Italy’s ruling populist parties have vowed to push ahead with campaign promises including a minimum income for the jobless. But it has the second-highest national debt in the eurozone.

The Commission said that was a “particularly serious non-compliance” with their recommendations.

Italy now has three weeks to submit a new, draft budget to Brussels.

Commission Vice-President for the Euro Valdis Dombrovskis said Italy’s response to the commission’s concerns was “not sufficient” to assuage fears and that the euro’s rules were the same for everybody.

“For the first time the Commission is obliged to request a euro area country to revise its draft budgetary plan. But we see no alternative than to request the Italian authorities to do so.”

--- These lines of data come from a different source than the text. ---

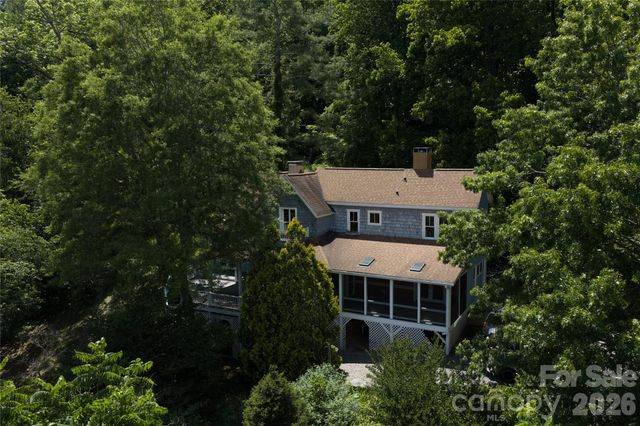32 Delano Road, Asheville, NC 28805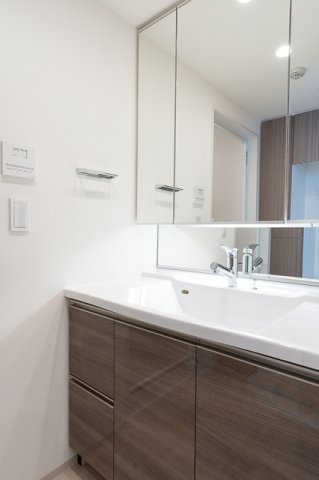 洗面設備　※写真は同タイプ住戸です。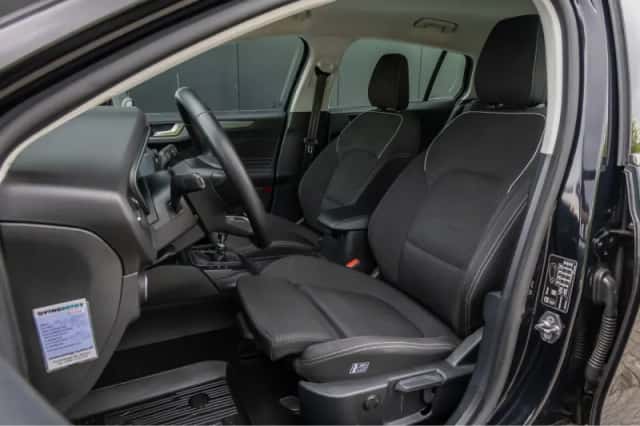 Ford Focus (2022) thumbnail 7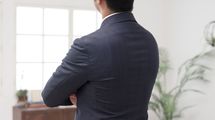 薄毛なのに前髪長めは｢見苦しい｣…若手社員からまったく信頼されない40代の｢一発アウト｣ヘアスタイル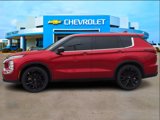 Used 2023 Mitsubishi Outlander SE image 2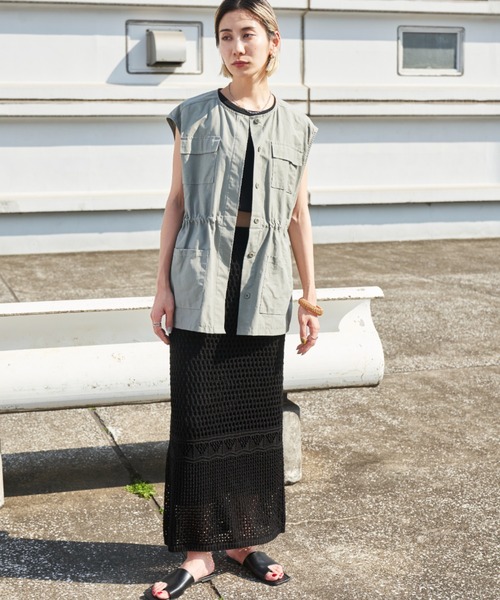 Auntie Rosa Holiday(アンティローザホリデー)の「ノーカラーミリタリーベスト(ベスト・レディース・ブラック/カーキ/オリーブ・FREE)」の21枚目の写真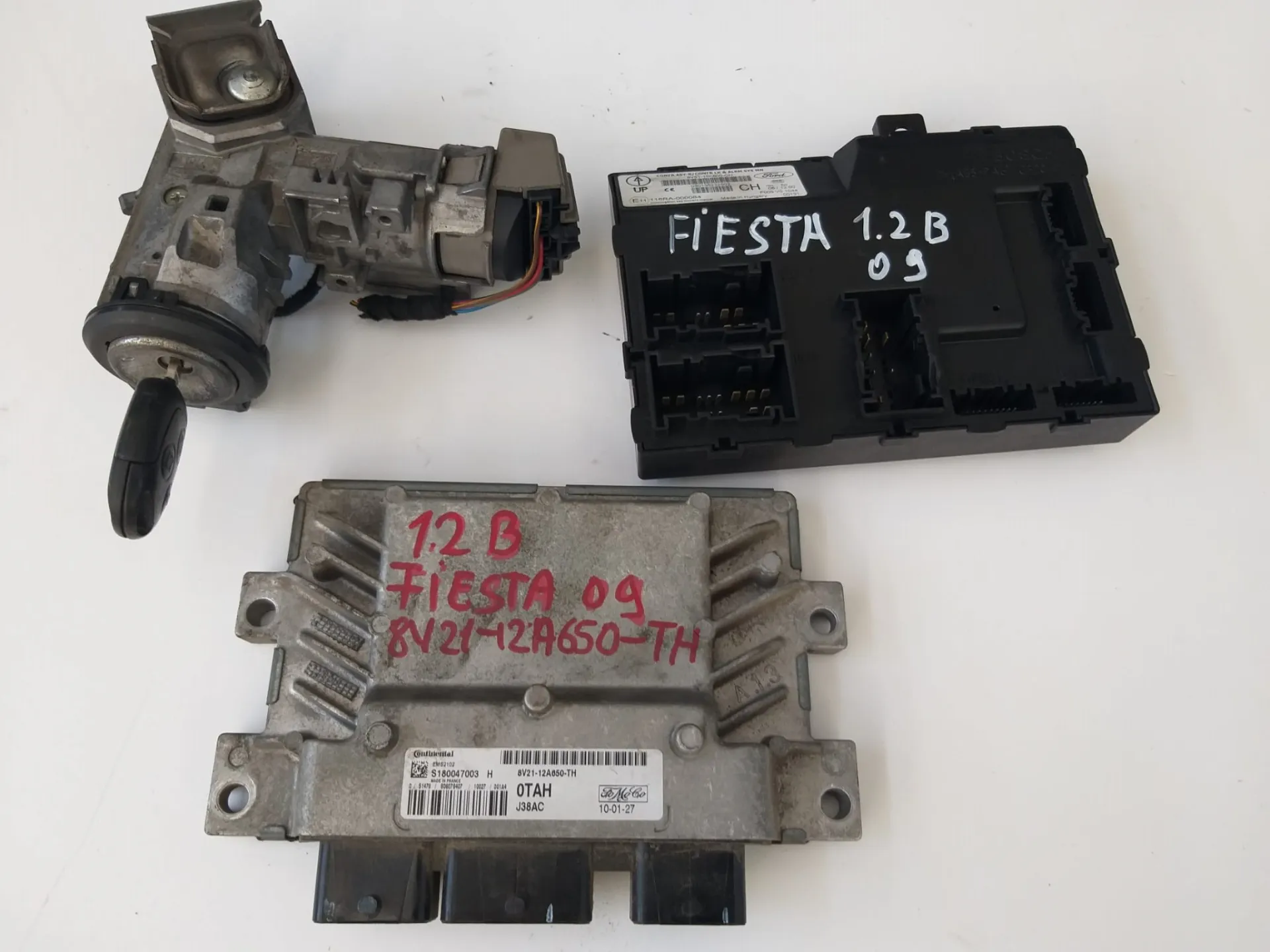 Kit centralina motore Ford Fiesta 1.2 B del 2009 CODICE RICAMBIO : 8V21-2A650-TH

A defiant prime minister, Giuseppe Conte, insisted earlier that the budget deficit would go no higher than 2.4% of the country’s GDP, although it is three times the deficit target of the previous government.

The government argues that servicing its debt of 131% of national output – second only to bailed-out Greece – would hurt Italians, who have still not recovered from the decade-old financial crisis.

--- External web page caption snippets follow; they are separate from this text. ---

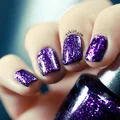 Fioletowe paznokcie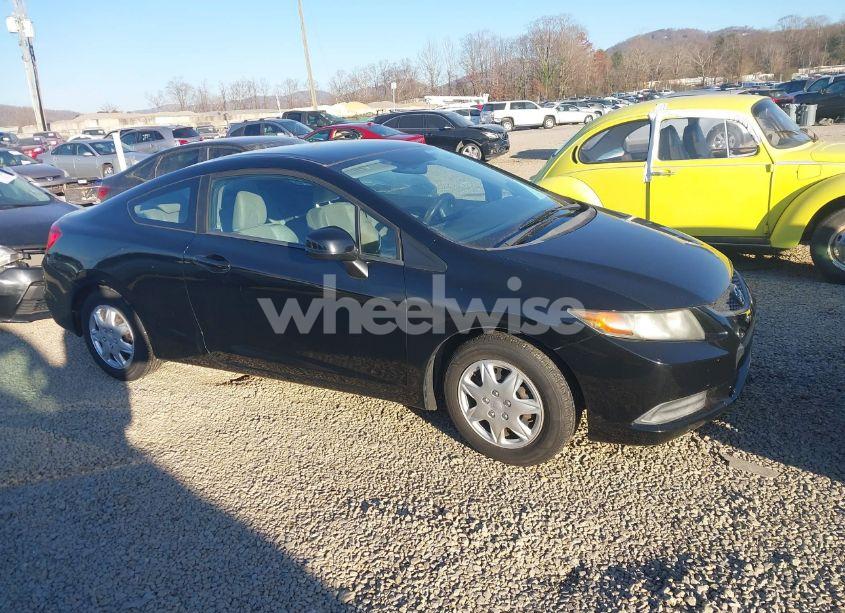2012 Honda Civic LX (VIN 2HGFG3B52CH545649) main photo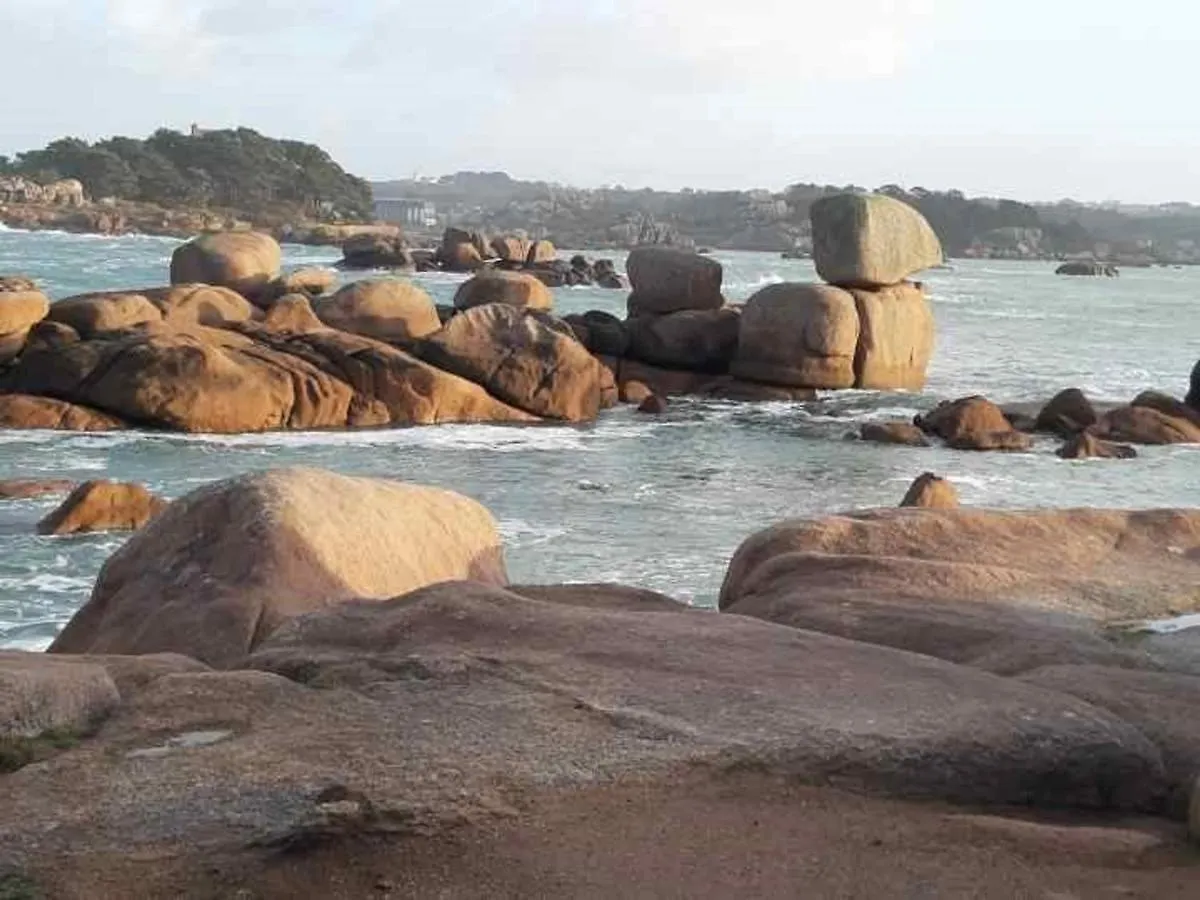 Maison 2** Avec Jardin, Terrasse Et Parking Prive A 800M De La Plage De Trestraou, Perros-Guirec - Fr-1-542-23 0*,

Italy’s economy is still smaller than it was in 2008, and the ruling League and Five Star parties argue an increase in spending will kick-start growth.

How did the drama unfold?

The government hammered out its first budget in late September, vowing to “end poverty” with a minimum income for the unemployed.

Other measures included tax cuts and scrapping extensions to the retirement age – fulfilling several key campaign promises from the election in March.

Italy’s neutral finance minister, Giovanni Tria, and international observers had hoped Italy would keep its deficit under 2% – perhaps as low as 1.6%.

But the country’s new political leaders decided to raise it to 2.4% to fund their plans.

That would not normally be a problem as it falls well short of the 3% deficit limit under eurozone rules – except that Italy has a great deal of debt.

At 131% of the country’s economic output, that is the second-highest figure in the entire eurozone, behind Greece, which has extensive financial difficulties in the past decade.

And as the eurozone’s third-largest economy, Italy’s debt problems are of concern to Commission officials.

In late September when the budget was announced, EU Economics Commissioner Pierre Moscovici said that every euro spent on servicing such a large debt was “one euro less on roads, one euro less on education and one euro less on social justice”.

“Spending your way out of economic trouble ends up working against those who do it,” he said. “And it’s always the people who pay the price in the end.”

After Italy announced its draft budget, weeks of market turmoil followed.

Before the Commission announced its rejection of the Italian budget on Tuesday, European shares fell to their lower levels in nearly two years.

Following the announcement, the Italy-Germany 10-year bond yield gap, widely used as a relative yardstick of Italy’s position on the markets, widened to a new high of 314 points.